Woman wearing #whitepeopledoingyoga bag in the street

The problem with #YogaEveryDamnDay

#YogaEveryDamnDay is one of the most popular hashtags used by yoga students and teachers on instagram – 9, 987, 342 people have used this hashtag. I am guilty of using it regularly on my instagram posts too. However, I’ve been feeling a growing sense of unease with using this hashtag because it has become a loaded term.

Yoga teacher Rachel Brathen was the creator behind the #YogaEveryDamnDay hashtag and she explains her intention behind its development in an interview with Yoga International.

“I had just joined instagram and wanted some inspiration and I started noticing these crazy challenges. I disagreed with a lot of the challenges because they seemed really unsafe. People in their work clothes just getting into a no-handed headstand for the first time. When I started the hashtag, I wanted to get away from the idea that ‘yoga is a pose.’ I wanted to remind people that it’s about more than that. It’s meditation, contemplation, it’s pranayama, along with the asana.”

A quick instagram search for the #YogaEveryDamnDay hashtag will show you how far removed it has become from Rachel’s original intention. The hashtag has become synonymous with white women wearing expensive activewear and white shirtless men performing advanced asana, often in exotic locations around the world.
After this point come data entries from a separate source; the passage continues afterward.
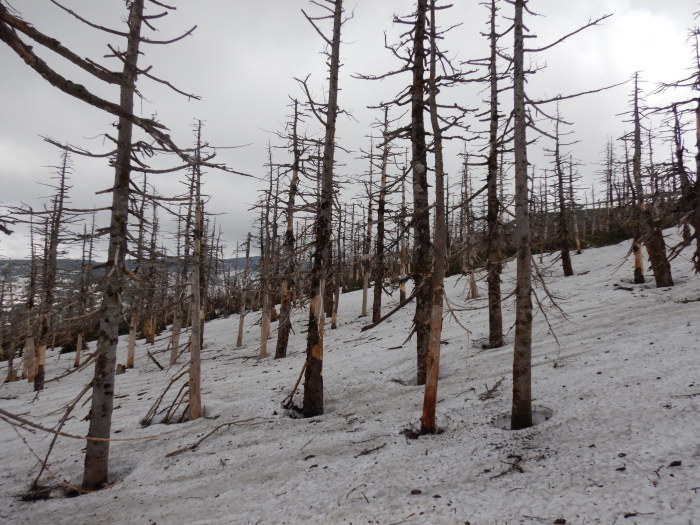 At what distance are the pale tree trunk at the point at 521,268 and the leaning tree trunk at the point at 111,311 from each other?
7.18 m

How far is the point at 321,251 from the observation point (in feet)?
26.8

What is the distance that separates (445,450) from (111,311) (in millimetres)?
6526

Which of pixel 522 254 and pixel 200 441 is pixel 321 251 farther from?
pixel 200 441

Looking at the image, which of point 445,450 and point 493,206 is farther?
point 493,206

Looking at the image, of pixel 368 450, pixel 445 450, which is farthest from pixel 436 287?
pixel 368 450

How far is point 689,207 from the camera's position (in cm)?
980

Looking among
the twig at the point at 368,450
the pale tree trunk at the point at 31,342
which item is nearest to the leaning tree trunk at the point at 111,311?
the twig at the point at 368,450

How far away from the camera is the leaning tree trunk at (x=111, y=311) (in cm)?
634

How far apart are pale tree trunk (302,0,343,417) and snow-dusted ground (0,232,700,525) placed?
74 cm

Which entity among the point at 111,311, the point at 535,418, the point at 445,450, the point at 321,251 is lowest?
the point at 445,450

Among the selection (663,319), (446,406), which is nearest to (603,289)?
(663,319)

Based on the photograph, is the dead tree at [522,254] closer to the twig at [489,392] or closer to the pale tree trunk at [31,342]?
Answer: the twig at [489,392]

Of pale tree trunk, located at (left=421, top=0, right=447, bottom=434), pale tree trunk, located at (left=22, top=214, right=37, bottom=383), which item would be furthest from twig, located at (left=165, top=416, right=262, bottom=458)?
pale tree trunk, located at (left=22, top=214, right=37, bottom=383)

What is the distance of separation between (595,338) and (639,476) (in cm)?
654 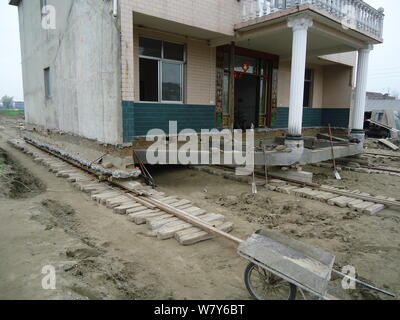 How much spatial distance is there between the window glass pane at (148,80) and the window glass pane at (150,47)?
0.21 meters

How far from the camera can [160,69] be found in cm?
939

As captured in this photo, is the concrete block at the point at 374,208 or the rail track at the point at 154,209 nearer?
the rail track at the point at 154,209

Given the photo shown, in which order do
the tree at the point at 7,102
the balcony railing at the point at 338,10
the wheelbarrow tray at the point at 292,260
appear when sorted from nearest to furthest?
the wheelbarrow tray at the point at 292,260
the balcony railing at the point at 338,10
the tree at the point at 7,102

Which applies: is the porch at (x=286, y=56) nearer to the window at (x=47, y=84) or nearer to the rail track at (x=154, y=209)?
the rail track at (x=154, y=209)

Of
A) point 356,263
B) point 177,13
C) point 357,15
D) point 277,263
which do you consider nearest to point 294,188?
point 356,263

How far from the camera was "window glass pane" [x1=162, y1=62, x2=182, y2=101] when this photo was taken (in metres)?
9.54

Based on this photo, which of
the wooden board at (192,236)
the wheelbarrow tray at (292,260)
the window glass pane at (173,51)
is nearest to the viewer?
the wheelbarrow tray at (292,260)

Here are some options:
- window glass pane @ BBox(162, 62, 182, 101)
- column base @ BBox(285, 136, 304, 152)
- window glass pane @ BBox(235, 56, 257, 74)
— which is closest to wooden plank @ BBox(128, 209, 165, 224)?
column base @ BBox(285, 136, 304, 152)

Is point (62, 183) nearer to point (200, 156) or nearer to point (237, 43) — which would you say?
point (200, 156)

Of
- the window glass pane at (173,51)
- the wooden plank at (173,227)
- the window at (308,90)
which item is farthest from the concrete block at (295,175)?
the window at (308,90)

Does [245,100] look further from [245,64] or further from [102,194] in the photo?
[102,194]

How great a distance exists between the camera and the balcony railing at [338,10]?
852cm

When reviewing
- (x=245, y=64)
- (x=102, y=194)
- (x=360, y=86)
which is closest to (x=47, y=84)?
(x=245, y=64)

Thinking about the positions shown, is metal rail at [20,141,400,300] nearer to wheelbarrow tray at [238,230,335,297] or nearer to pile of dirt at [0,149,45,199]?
wheelbarrow tray at [238,230,335,297] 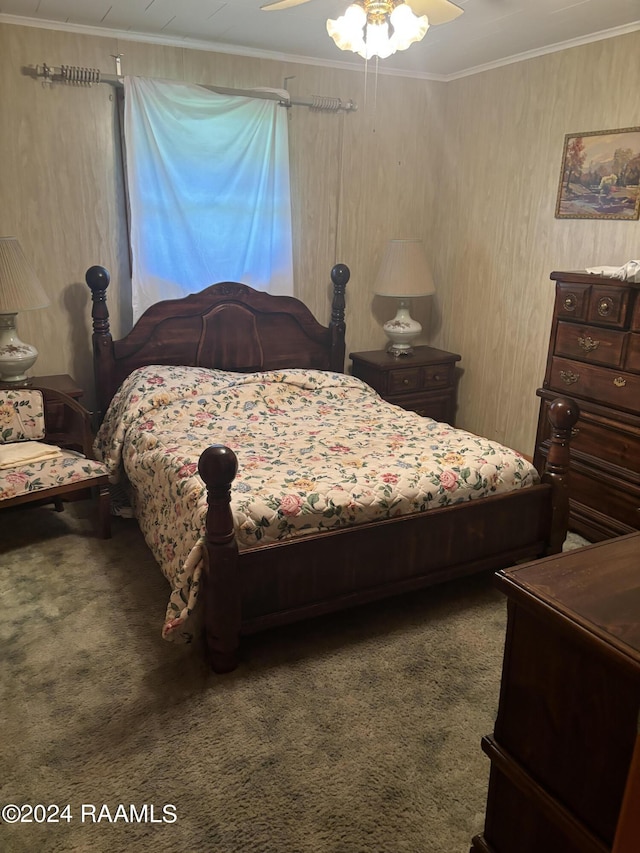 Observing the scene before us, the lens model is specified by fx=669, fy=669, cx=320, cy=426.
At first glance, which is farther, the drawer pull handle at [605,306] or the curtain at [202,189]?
the curtain at [202,189]

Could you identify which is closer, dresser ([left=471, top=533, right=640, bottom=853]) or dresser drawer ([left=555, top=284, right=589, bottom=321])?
dresser ([left=471, top=533, right=640, bottom=853])

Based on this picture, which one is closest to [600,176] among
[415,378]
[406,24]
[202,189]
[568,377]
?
[568,377]

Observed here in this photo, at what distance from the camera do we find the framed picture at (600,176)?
3.32 metres

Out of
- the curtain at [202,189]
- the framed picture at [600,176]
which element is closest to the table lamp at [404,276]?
the curtain at [202,189]

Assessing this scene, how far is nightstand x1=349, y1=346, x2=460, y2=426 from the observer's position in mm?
4273

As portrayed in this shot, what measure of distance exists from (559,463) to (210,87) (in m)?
2.79

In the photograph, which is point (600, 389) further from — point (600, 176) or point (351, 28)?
point (351, 28)

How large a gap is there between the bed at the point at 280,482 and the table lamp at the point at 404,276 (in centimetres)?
70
There is very little cultural  or ethnic diversity and almost no reference to the ancient roots of yogic philosophy from which it stems. It’s cultural appropriation at its worst. It’s also exclusionary and assumes that to practise yoga you must fit within the dominant cultural norm and have a certain aesthetic – one that is white, thin, flexible, heterosexual, cis gendered, able bodied and fit.

It promotes this ideal that yoga as advanced asana should be practised every day. For many this is an unrealistic and unsafe expectation and ignores the other seven limbs of yoga. It also implies that if you’re not practising yoga asana every day you’re somehow less of a yogi and this reinforces the idea that yoga is something that must be attained through rigid practice of asana.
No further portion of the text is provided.